My toast for Colin and Jennie's wedding rehearsal day
2012-11-02
Follow this link to Colin and Jennie's wedding web page.
See also:
Colin and Jennie's Wedding 2012-11-03
Colin and Jennie's Wedding Slideshow
Colin's legacy photos
Jennie's legacy photos
Colin and Jennie's photos for the rehearsal dinner
I am so pleased to welcome you all to the rehearsal dinner for the wedding of dear Colin Copeland to my daughter, Jennie Renner-Yeomans. With me here are my lovely wife Laura Yeomans, and Colin's delightful parents, Michele Gross and Roger Copeland.
Weddings are one of those generational moments that give us pause to reflect on the great arc of life. Myself, I am remembering a day two decades ago before the wedding of my brother Steven and his wife Deb. The rabbi gathered the wedding party together and he told us that the wedding day is a special day for the bride and groom. It is their day. They are king and queen and we do what they want to make it the day that they want.
For those of us who were at the rehearsal, I think it is clear what Colin and Jennie want. They have planned a short service with a long period of silence. The vows and readings are scripted, and the reception has no speeches whatsoever. Now I have some smarts, and I think I have figured this out. This here, the reception dinner on the evening before their wedding day, this here is our last opportunity for free speech.

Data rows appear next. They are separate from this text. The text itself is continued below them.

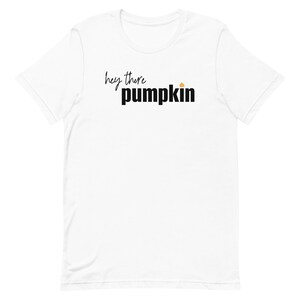 Pode incluir: Camiseta branca com a frase "hey there pumpkin" em preto, em escrita cursiva e letras de bloco, com um pequeno gr&aacute;fico de ab&oacute;bora laranja. Uma pe&ccedil;a casual.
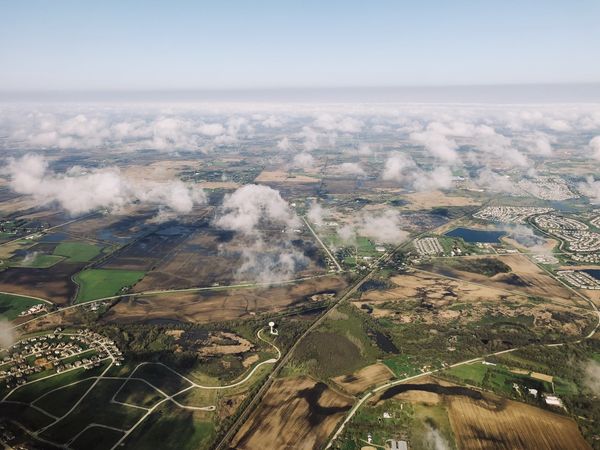 Photo from airplane window of fields spotted with clouds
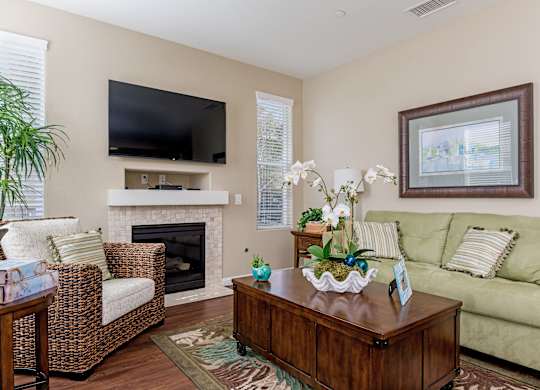A living room with a fireplace, a couch, a chair, a coffee table, and a television.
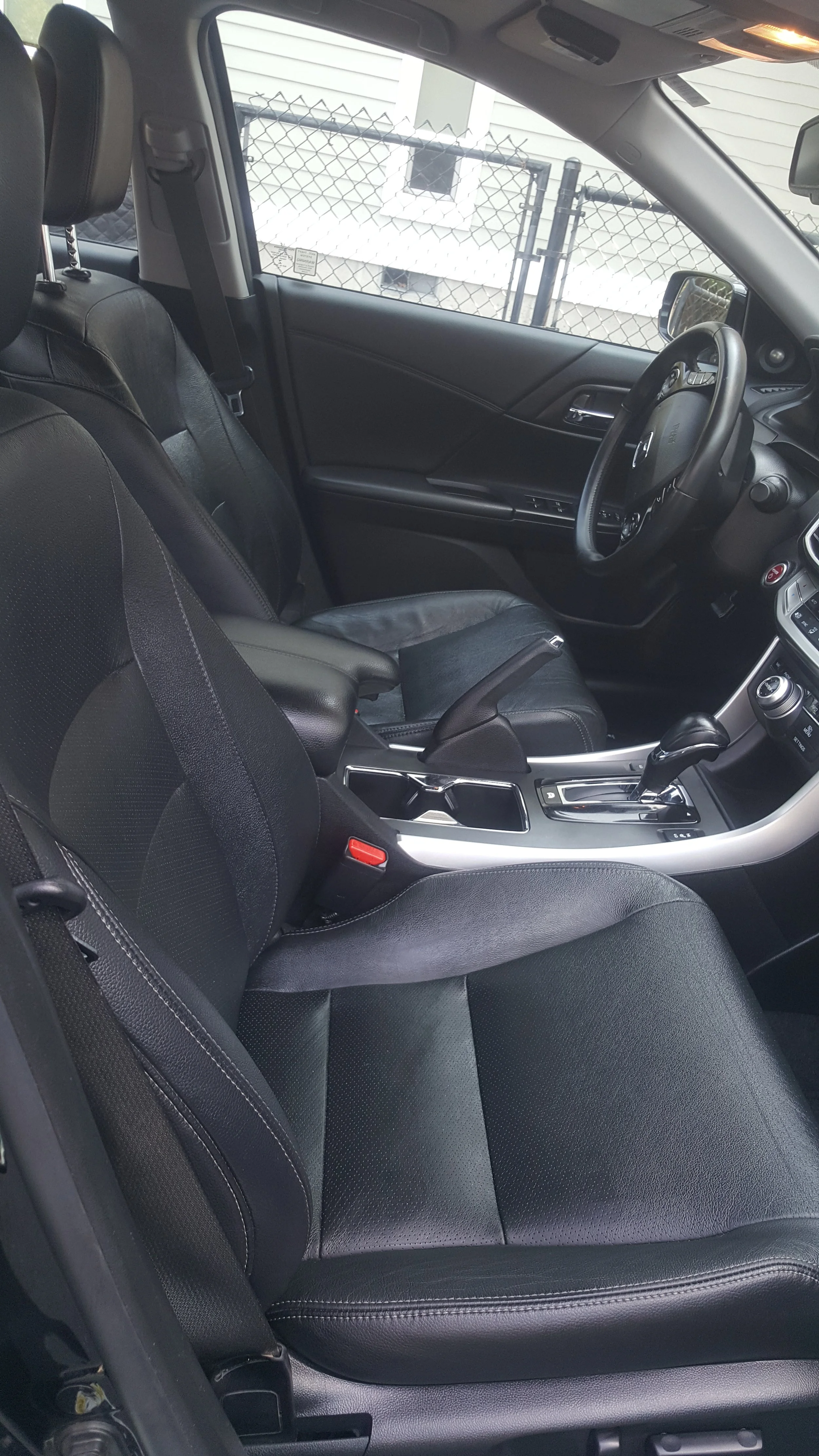 Interior of a car with black leather seats, center console, steering wheel, and dashboard, parked behind a chain-link fence near a house.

I can also understand why Jennie and Colin would want their wedding day to be this way. I have met Roger. I think anyone who has met both of us will recognize that one of us is a tad too familiar with that line between what is appropriate and what is not. And I don't mean the type of familiarity that comes from getting way too close to the line. I mean the type of familiarity that can only come from fully exploring all the area on both sides of the line. And the other one of us, well what can you say, he's a professor at Oberlin. Do we need to say more?
Since this is our last night of free speech, here is what I want to say. I am so happy for Colin and Jennie. They exude the type of love that Erich Fromme talked about in the Art of Loving. Their tenderness for one another is in sync with their care for others around them and for the whole world.
I am particularly pleased that they have chosen the Museum of Life and Science as the venue for their special event. Jennie, Laura and I have many happy memories of science museums. The Museum of Life and Science, in particular, is a monument to the diversification and specialization of life, and the benefits that have flowed from our scientific understanding.
Now, I would like you to join me in a thought experiment. Imagine that I am standing here with my daughter, Jennie. I, of course, am a generation older, while she represents the generation of the future. Now, in the next frame, imagine Jennie standing here with Colin. Isn't it obvious that these two frames, one after the other, are evidence of the forward progress of evolution. Normally the effects take longer to notice.
Colin and Jennie, humanity is better off because of your devotion to each other, because of your chosen careers, and because of your daily practice of love. For this I toast you both.